I am on my third marriage. The unsuspecting, rather weak, and very nice man I married first was unsuitable because he was out of my (etheric) weight class. I feel slightly sorry for him and am delighted in extreme retrospect that we did not try to lump along together. He's had a quiet, small, and respectable life, which would have suited me very poorly indeed, esp. the respectable part.
My second husband would not work to make money. He stole money from our daughter's trust fund because the cool $2 million he inherited himself from his parents did not suffice for even a decade after I left him. I left him when he was wealthy and healthy, because I knew he was creating a life of ill health and poverty, and I did not want to be involved with his race to impoverishment and chronic illness. He is a narcissist par excellence.
Meanwhile, my third husband already knew what I was, and was at peace with my weird role in this life. He's been my lucky star, and has also been an exceptionally fine step parent to my daughter from marriage #2. He is brilliant, hard-working, and we can retire comfortably because of his work. We just finished selling our two software companies last week.
I feel so lucky!!!
Communication issues have always been the problem in the few ugly breakups I've had. I never assume the other person has a hidden agenda (conscious or otherwise), so that when there is one I never really saw it until it was too late.
X had a toxic relationship with her therapist (also a woman) in which neither one of them wanted to move the therapy forward (or just end it as not working.) X would just say things, and assume they must be true because she said them, and listening never entered her equations.
Z had spent 20+ yrs as an enabler for her profoundly narcissistic husband, and she would never admit how angry she was at *him*. For example: her family was quite well off, having managed and grown a high-end business in a niche market. Yet even though he'd signed the divorce settlement papers, he came back and demanded a significant amount of money. IL is a community property state and Z, her family, and their lawyers could have applied the screws to this d!ckless wonder's squishy bits. (The lawyers *REALLY* wanted to; this guy had absolutely no case.) But Z wouldn't fight, and so the family settled. Z, of course, just became angrier. And guess where that anger got vented?
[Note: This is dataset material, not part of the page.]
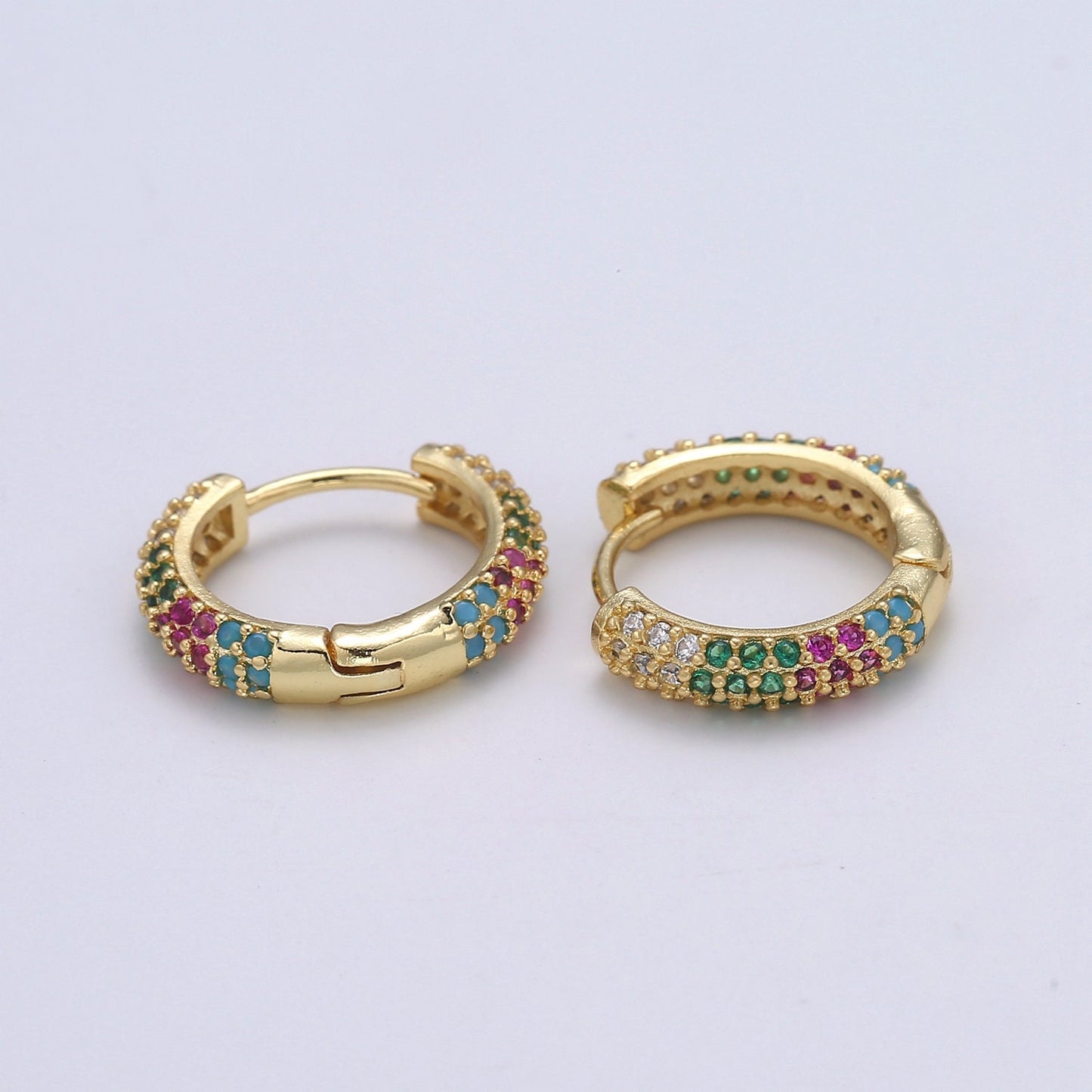 1 pair Hoops - Black,Blue,Clear,Red,Green,Multi-color Zirconia or Teal Gold CZ earrings - 24K Gold Huggie hoops EARRING-1412 - 1418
But in both cases, I was too deep in to really analyze what was happening or why. So I left in anger, making it clear in both cases that neither of them would ever make any attempt to communicate with me again. (There was no violence behind that demand, just a very sincere and non-negotiable intention.)
SIDEBAR: the "three-legged table" analogy brought to mind a similarly structured picture. The author Robert Heinlein once argued that education was a three-legged stool, the legs being language, history, and mathematics; once a person has those, they can teach themselves anything. Heinlein's analogy fails, of course, because like the good ex-navy pilot cum engineer that he was, he didn't recognize that Art was a fourth and independent leg.